As Arrow objects are immutable, there are classes provided that should help you build these objects. To build an array of int64_t elements, we can use the arrow::Int64Builder. In the following example, we build an array of the range 1 to 8 where the element that should hold the number 4 is nulled.

Int64Builder builder;
builder.Append(1);
builder.Append(2);
builder.Append(3);
builder.AppendNull();
builder.Append(5);
builder.Append(6);
builder.Append(7);
builder.Append(8);

std::shared_ptr<Array> array;
builder.Finish(&array);

The resulting Array (which can be casted to arrow::Int64Array if you want to access its values) then consists of two arrow::Buffer. The first one is the null bitmap holding a single byte with the bits 0|0|0|0|1|0|0|0. As we use least-significant bit (LSB) numbering this indicates that the fourth entry in the array is null. The second buffer is simply an int64_t array containing all the above values. As the fourth entry is null, the value at that position in the buffer is undefined.

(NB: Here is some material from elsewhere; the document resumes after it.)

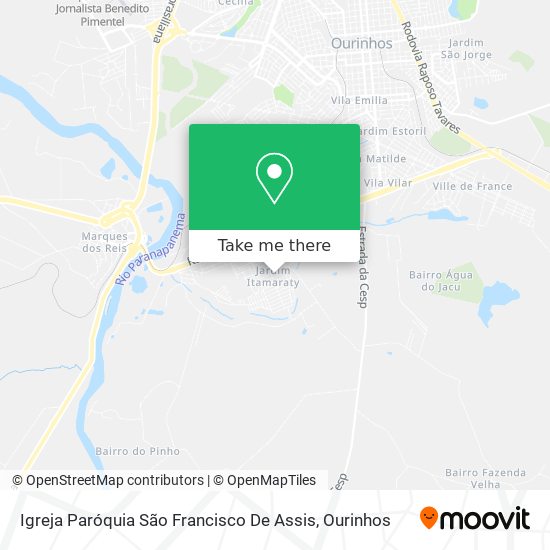 Igreja Paróquia São Francisco De Assis map
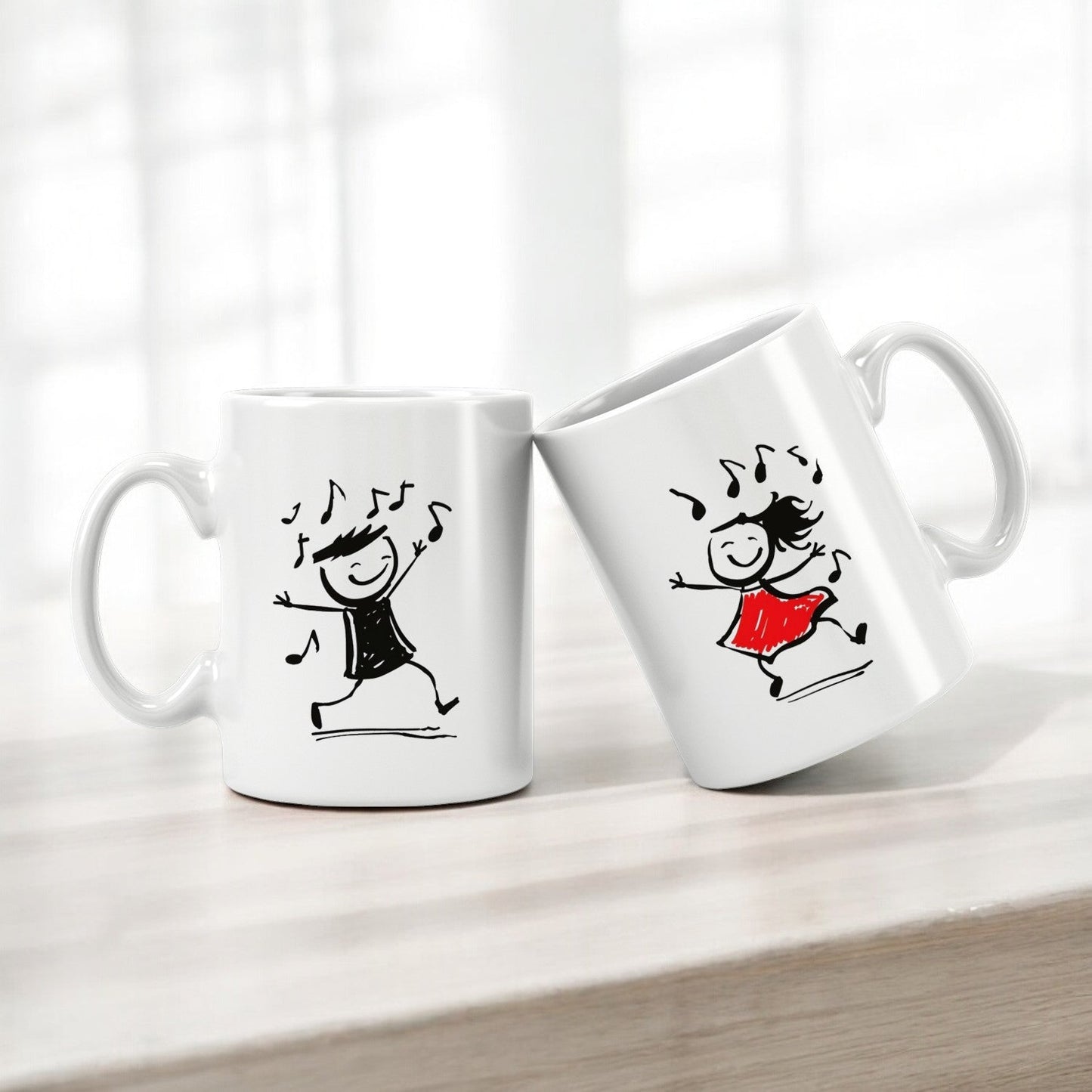 Couple Mug Set-Valentine Mug Set For Girlfriend,Boyfriend,Wife, Husband-Bridal Shower,Engaged,Christmas,Wedding,Birthday Gifts For Bride,Groom,Mr,Mrs,Him,Her 11OZ 15OZ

// Cast the Array to its actual type to access its data
std::shared_ptr<Int64Array> int64_array = std::static_pointer_cast<Int64Array>(array);

// Get the pointer to the null bitmap.
const uint8_t* null_bitmap = int64_array->null_bitmap_data();

// Get the pointer to the actual data
const int64_t* data = int64_array->raw_values();

In the above example, we have yet skipped explaining two things in the code. On constructing the builder, we have passed arrow::int64() to it. This is the type information with which the resulting array will be annotated. In this simple form, it is solely a std::shared_ptr<arrow::Int64Type> instantiation.

Furthermore, we have passed arrow::default_memory_pool() to the constructor. This arrow::MemoryPool is used for the allocations of heap memory. Besides tracking the amount of memory allocated, the allocator also ensures that the allocated memory regions are 64-byte aligned (as required by the Arrow specification).